● WHAT YOU SHOULD DO: Lines before the one containing "Oknum TNI Tembak" are left out; output the rest of the data exactly, through the final line.

● DATA EXCERPT:
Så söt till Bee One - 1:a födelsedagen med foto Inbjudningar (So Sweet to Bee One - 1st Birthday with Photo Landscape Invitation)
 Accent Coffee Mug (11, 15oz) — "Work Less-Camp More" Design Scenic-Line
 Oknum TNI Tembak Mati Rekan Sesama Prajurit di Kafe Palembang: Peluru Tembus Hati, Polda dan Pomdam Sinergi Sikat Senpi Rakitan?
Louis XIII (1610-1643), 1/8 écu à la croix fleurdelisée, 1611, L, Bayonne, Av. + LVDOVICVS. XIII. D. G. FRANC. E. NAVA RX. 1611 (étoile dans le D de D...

● RESPONSE AREA:
 Oknum TNI Tembak Mati Rekan Sesama Prajurit di Kafe Palembang: Peluru Tembus Hati, Polda dan Pomdam Sinergi Sikat Senpi Rakitan?
Louis XIII (1610-1643), 1/8 écu à la croix fleurdelisée, 1611, L, Bayonne, Av. + LVDOVICVS. XIII. D. G. FRANC. E. NAVA RX. 1611 (étoile dans le D de D...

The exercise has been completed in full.